Regulation and funding synergies
European Digital Innovation Hubs (EDIH) are set to play a central role in the Digital Europe Programme financing the Cybersecurity domain with about €100 million per year, mainly focused on fostering innovation for SMEs and the European public sector, and triggering a similar amount of investment by the member states in which the Centre and the Network are foreseen to play a key role. There are currently more than 240 DIH with competences on cybersecurity, which is more than the number of EDIH that are likely to be financed across all domains (cybersecurity is only one of the priorities). Most member states have already finished the national selection stage, while the call for proposals at European level is set to open anytime soon.

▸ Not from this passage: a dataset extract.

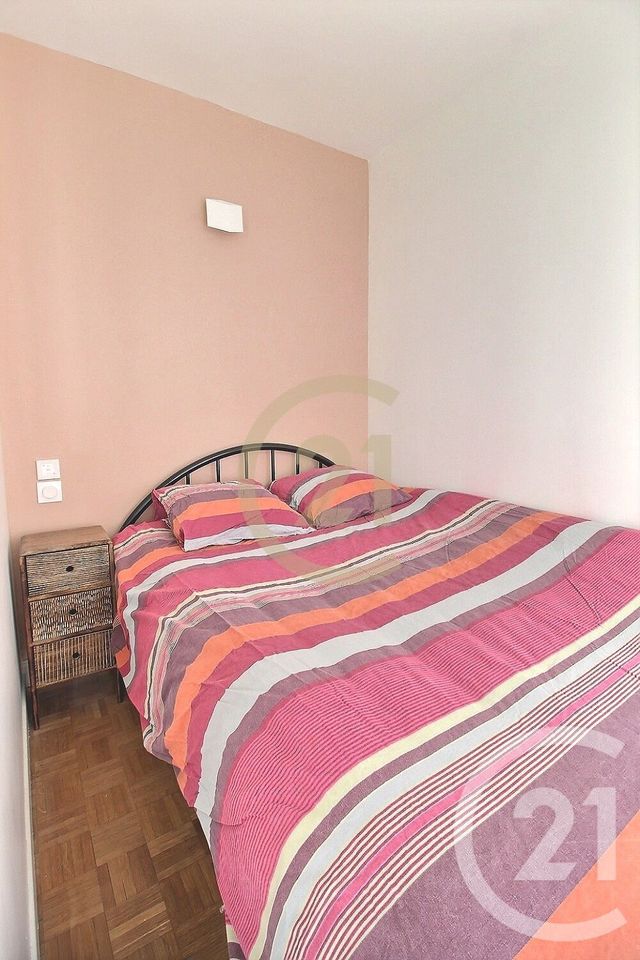 Appartement F1 à vendre - 1 pièce - 31.0 m2 - PANTIN - 93 - ILE-DE-FRANCE - Century 21 Ricard Immobilier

The complementarity between NCC and EDIHs, particularly in the cases where the NCC is not an EDIH, does not seems to be clear yet, but will differ from member state to member state, due to specificities in each organization on how cybersecurity is tackled. This complementarity must be clarified soon to avoid wasting resources and worsen the existing fragmentation.
As the Centre, the Network, the Community and the EDIHs will became operational during this year, we seem to be progressing towards a more collective and coordinated approach. Moreover, the amount of funding directly going to cybersecurity has increased significantly. But it is still not totally clear how all these initiatives will effectively operate together, nor how this will be aligned with the €134 billion from the Recovery and Resilience Facility to foster the Digital Transition.
In Portugal, INESC is part of the DIH proposal presented by the National Cybersecurity Centre for the national stage: it participates in one of the four pilots, in a dozen H2020-funded projects on cybersecurity and aims to actively contribute to this new ecosystem, at both national and European level.